What is being asked >>
Word for word, restate the lines from the start of the data below through the line containing "Bionnex Perfederm Crème".

Stored items
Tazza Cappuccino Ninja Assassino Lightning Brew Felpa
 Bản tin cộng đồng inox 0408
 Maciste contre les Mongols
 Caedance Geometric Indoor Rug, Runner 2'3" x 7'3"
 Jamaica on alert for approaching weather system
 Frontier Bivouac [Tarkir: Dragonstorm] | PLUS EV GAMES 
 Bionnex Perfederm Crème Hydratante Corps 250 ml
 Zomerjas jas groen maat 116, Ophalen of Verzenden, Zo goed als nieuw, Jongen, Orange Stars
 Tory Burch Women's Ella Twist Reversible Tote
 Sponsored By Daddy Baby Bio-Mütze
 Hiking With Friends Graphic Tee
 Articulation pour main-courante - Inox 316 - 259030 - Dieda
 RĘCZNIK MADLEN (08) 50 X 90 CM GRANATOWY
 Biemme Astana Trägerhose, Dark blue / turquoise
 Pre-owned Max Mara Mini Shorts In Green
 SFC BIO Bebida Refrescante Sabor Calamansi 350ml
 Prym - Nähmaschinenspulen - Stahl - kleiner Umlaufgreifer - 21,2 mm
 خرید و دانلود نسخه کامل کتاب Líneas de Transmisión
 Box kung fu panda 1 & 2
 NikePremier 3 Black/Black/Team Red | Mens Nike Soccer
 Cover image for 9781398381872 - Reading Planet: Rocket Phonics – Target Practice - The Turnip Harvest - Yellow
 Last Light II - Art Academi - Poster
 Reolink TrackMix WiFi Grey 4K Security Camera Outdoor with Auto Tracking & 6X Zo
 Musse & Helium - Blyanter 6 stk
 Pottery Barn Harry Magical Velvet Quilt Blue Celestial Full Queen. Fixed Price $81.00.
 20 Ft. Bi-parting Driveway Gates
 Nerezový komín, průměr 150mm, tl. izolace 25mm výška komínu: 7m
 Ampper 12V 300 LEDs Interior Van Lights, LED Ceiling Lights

Answer for the task >>
Tazza Cappuccino Ninja Assassino Lightning Brew Felpa
 Bản tin cộng đồng inox 0408
 Maciste contre les Mongols
 Caedance Geometric Indoor Rug, Runner 2'3" x 7'3"
 Jamaica on alert for approaching weather system
 Frontier Bivouac [Tarkir: Dragonstorm] | PLUS EV GAMES 
 Bionnex Perfederm Crème Hydratante Corps 250 ml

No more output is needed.